2.3 Apply Parameter-Efficient Fine-Tuning

model = FastLanguageModel.get_peft_model(
model,
r=16,
target_modules=[
"q_proj",
"k_proj",
"v_proj",
"o_proj",
"gate_proj",
"up_proj",
"down_proj",
],
lora_alpha=16,
lora_dropout=0,
bias="none",
use_gradient_checkpointing="unsloth",
random_state=3047,
use_rslora=False,
loftq_config=None,
)
  • FastLanguageModel.get_peft_model: Method to apply Parameter-Efficient Fine-Tuning (PEFT) techniques.
  • r=16: Rank parameter for LoRA. It controls the rank of the low-rank matrices used in adaptation.
  • target_modules: List of model modules to which LoRA will be applied. These modules handle different aspects of attention and projection in the model.
  • lora_alpha=16: Scaling factor for LoRA. This adjusts the magnitude of the updates applied to the model.
  • lora_dropout=0: Dropout rate for LoRA. Set to 0 here, meaning no dropout.
  • bias="none": Specifies whether to include bias terms in the fine-tuning. "none" means no additional bias.
  • use_gradient_checkpointing="unsloth": Enables gradient checkpointing to save memory during training.
  • random_state=3047: Seed for random number generation to ensure reproducibility.
  • use_rslora=False: Whether to use RSLORA, an advanced version of LoRA. Set to False here.
  • loftq_config=None: Configuration for other fine-tuning parameters, not used in this setup.

3. Preparing the Dataset

3.1 Load and Inspect the Dataset

from datasets import load_dataset

dataset = load_dataset("MattCoddity/dockerNLcommands", split='train')

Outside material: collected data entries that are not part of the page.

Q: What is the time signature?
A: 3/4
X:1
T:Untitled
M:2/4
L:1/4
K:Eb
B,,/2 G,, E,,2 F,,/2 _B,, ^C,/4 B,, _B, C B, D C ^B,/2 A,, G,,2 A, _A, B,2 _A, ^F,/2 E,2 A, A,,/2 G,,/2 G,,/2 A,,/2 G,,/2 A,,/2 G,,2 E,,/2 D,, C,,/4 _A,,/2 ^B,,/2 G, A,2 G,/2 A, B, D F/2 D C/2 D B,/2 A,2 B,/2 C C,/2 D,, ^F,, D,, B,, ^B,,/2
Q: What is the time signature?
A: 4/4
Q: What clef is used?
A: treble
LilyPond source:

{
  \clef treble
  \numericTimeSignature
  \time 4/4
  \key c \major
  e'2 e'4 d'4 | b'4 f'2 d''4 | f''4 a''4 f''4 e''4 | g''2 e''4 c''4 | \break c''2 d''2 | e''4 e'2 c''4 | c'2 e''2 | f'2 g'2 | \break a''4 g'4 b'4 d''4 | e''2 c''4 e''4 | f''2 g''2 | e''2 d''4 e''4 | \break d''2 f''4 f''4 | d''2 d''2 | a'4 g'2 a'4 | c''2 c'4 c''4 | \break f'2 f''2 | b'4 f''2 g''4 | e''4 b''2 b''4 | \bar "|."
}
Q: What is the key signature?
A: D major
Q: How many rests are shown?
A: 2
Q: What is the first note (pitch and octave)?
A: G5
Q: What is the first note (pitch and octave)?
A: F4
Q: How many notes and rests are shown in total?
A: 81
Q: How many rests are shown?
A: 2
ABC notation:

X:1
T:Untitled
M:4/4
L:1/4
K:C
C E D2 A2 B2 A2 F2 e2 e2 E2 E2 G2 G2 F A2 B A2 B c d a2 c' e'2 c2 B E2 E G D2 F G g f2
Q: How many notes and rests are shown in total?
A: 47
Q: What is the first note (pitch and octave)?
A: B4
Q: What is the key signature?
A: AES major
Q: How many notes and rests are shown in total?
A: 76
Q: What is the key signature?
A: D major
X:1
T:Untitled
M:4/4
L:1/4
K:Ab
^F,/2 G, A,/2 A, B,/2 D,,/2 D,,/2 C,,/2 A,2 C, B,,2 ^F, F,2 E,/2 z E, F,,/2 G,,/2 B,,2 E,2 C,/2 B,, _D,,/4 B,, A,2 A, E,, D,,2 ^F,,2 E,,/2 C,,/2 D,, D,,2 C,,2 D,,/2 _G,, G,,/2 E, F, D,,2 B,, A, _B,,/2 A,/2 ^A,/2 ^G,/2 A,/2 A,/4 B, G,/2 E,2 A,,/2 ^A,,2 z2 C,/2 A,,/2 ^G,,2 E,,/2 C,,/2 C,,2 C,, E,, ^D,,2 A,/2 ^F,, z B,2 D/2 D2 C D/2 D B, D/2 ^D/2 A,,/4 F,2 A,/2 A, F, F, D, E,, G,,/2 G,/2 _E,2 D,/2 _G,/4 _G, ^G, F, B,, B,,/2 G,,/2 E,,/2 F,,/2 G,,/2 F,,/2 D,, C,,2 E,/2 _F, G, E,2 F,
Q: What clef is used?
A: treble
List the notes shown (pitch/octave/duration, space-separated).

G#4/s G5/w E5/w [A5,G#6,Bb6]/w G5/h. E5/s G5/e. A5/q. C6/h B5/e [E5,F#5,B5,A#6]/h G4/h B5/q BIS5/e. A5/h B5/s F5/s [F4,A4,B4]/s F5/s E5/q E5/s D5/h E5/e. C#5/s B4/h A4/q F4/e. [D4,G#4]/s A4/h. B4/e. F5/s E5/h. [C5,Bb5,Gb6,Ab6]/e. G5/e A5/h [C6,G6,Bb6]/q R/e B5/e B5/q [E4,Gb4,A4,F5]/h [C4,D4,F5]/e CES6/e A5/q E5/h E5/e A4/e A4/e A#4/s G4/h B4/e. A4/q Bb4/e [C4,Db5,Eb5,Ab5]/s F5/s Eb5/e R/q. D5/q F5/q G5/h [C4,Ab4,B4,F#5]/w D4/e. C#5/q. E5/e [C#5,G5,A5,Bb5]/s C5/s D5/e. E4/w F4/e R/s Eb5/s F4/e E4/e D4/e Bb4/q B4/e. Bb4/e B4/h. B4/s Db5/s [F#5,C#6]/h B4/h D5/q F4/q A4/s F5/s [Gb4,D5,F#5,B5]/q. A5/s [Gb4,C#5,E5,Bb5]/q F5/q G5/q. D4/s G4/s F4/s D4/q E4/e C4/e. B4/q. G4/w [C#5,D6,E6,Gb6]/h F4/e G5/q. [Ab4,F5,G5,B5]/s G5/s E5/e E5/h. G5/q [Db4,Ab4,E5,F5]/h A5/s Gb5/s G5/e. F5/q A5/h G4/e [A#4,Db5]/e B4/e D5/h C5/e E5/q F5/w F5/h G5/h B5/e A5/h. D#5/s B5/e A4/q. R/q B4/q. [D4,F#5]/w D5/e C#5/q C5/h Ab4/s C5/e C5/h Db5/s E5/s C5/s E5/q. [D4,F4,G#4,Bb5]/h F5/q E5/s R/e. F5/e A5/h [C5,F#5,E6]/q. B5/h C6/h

# Print the column names and the length of each column
print("Columns and their lengths:")
for column in dataset.column_names:
print(f"Column: {column}, Length: {len(dataset[column])}")

Explanation:

  • load_dataset("MattCoddity/dockerNLcommands", split='train'): Loads a custom dataset of Docker commands. The split='train' argument specifies that we are loading the training subset of the data.
  • dataset.column_names: Lists the column names in the dataset.
  • len(dataset[column]): Prints the length of each column, which helps in understanding the dataset structure.

3.2 Formatting the Dataset

def formatting_prompt_func(example):
return {
"input": example["input"],
"instruction": example["instruction"],
"output": example["output"]
}

dataset = dataset.map(formatting_prompt_func)

print("Dataset Features:", dataset.features)

formatted_dataset = dataset.map(formatting_prompt_func, batched=True)
  • formatting_prompt_func: Function to format each example in the dataset. It extracts relevant fields (input, instruction, output) to fit the model's requirements.
  • dataset.map(formatting_prompt_func): Applies the formatting function to each example in the dataset.
  • dataset.features: Displays the features of the dataset after formatting.

4. Designing the Prompt

4.1 Define the Prompt Template

docker_prompt = """below is an instruction describes a task, paired with an input that provides further context, write a response that approves the instruction .

### Instruction:
{}

### Input:
{}

### Response:
{}"""

docker_prompt: Template for the input to the model. It includes placeholders for the instruction, input, and expected output.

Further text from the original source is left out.